In part, the bounce in oil prices is due to a weaker dollar that was pressured by a more dovish Fed
Oil prices bounced on Thursday after a three-day slide, as risk demand returned to global financial markets after the Federal Reserve kept benchmark interest rates on hold at its latest meeting on Wednesday. The central bank also hinted it might be done raising interest rates for now but was careful not to rule out another increase. Powell added that the FOMC is not considering or even discussing rate reductions at this time.
Following the meeting, oil futures dipped to local lows around $84.60 to finish around the lower end of the range. However, Brent crude managed to attract demand and bounced on Thursday to add more than 1% during the Asian hours. Last week, oil failed to hold above the $90 figure and has been struggling since then as geopolitical concerns keep waning, thus easing worries about supply shortage.

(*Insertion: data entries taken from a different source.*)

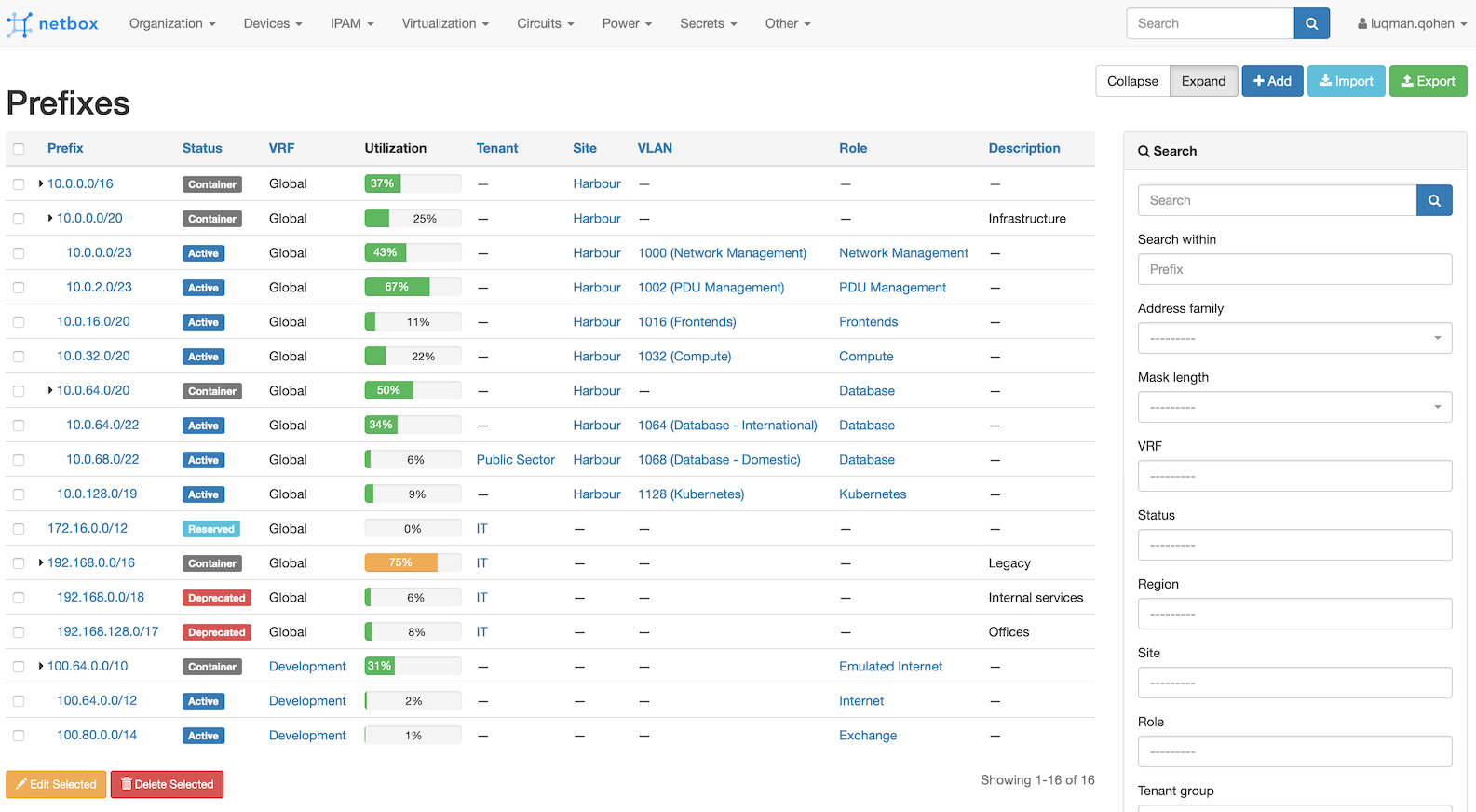 Prefix hierarchy Screenshot of prefix hierarchy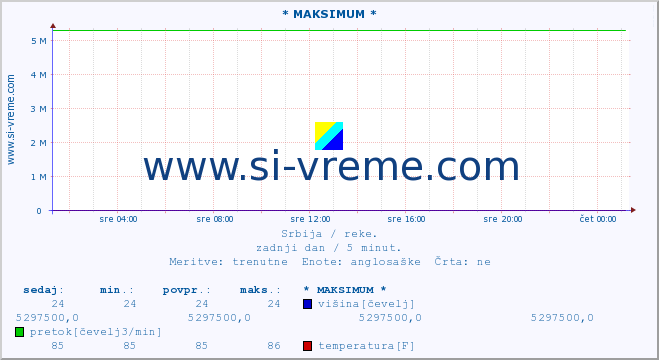 POVPREČJE :: * MAKSIMUM * :: višina | pretok | temperatura :: zadnji dan / 5 minut.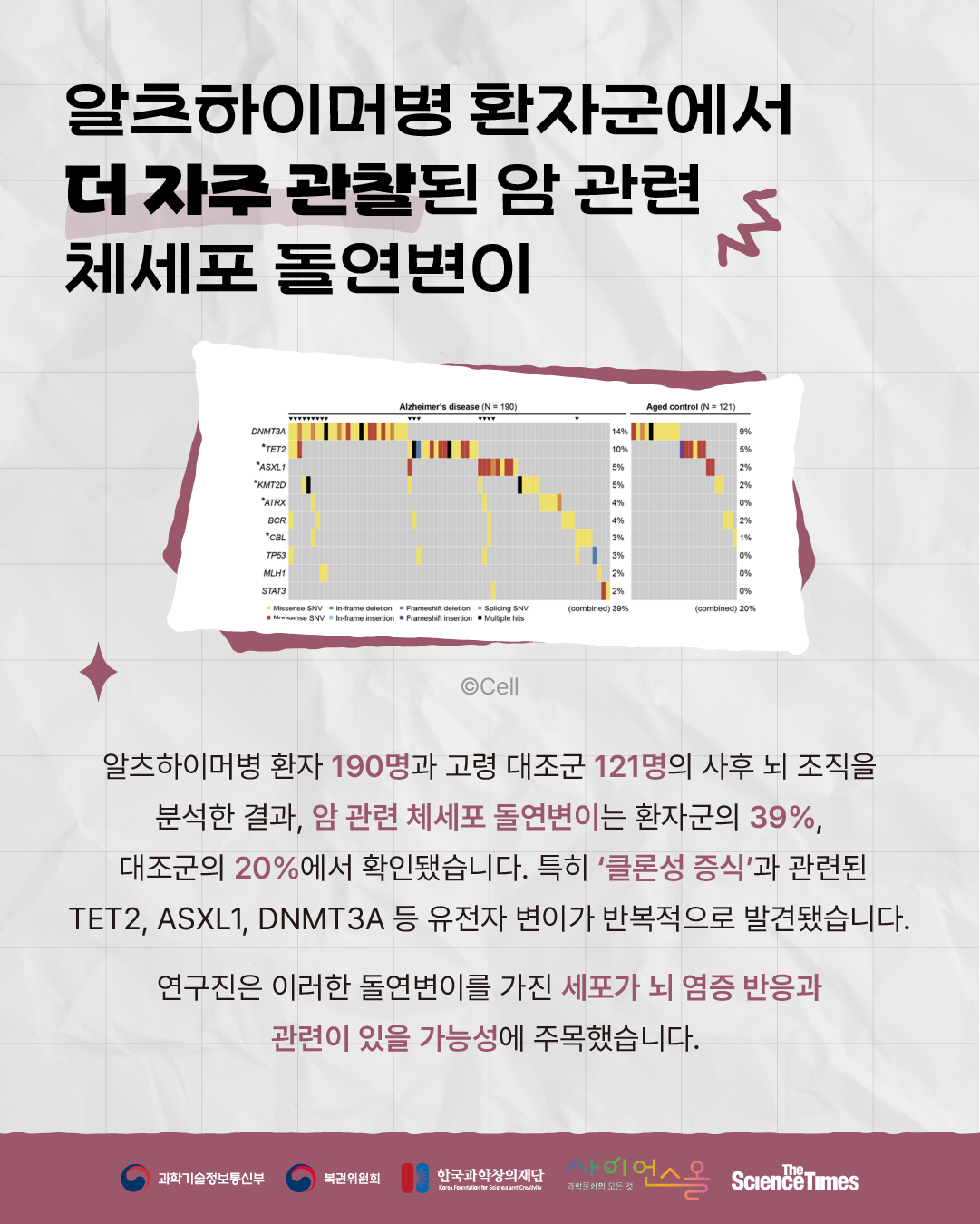 알츠하이머병 4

Elsewhere, the US Energy Information Administration said in its weekly report that US crude oil inventories increased by 800,000 barrels for the week ended October 27. Gasoline inventories increased by 0.1 million barrels from last week and distillate fuel inventories decreased by 0.8 million barrels and are about 12% below the five year average for this time of year.
In part, the bounce in oil prices is due to a weaker dollar that was pressured by a more dovish Fed. The USD index struggles to attract renewed demand on Thursday, digesting the central bank’s new message on rates. Should the greenback stay offered in the near term, Brent may see a more sustained recovery, with the initial upside target arriving at $86. On the downside, the nearest support could be expected in the $85.25 area, followed by the $85 level.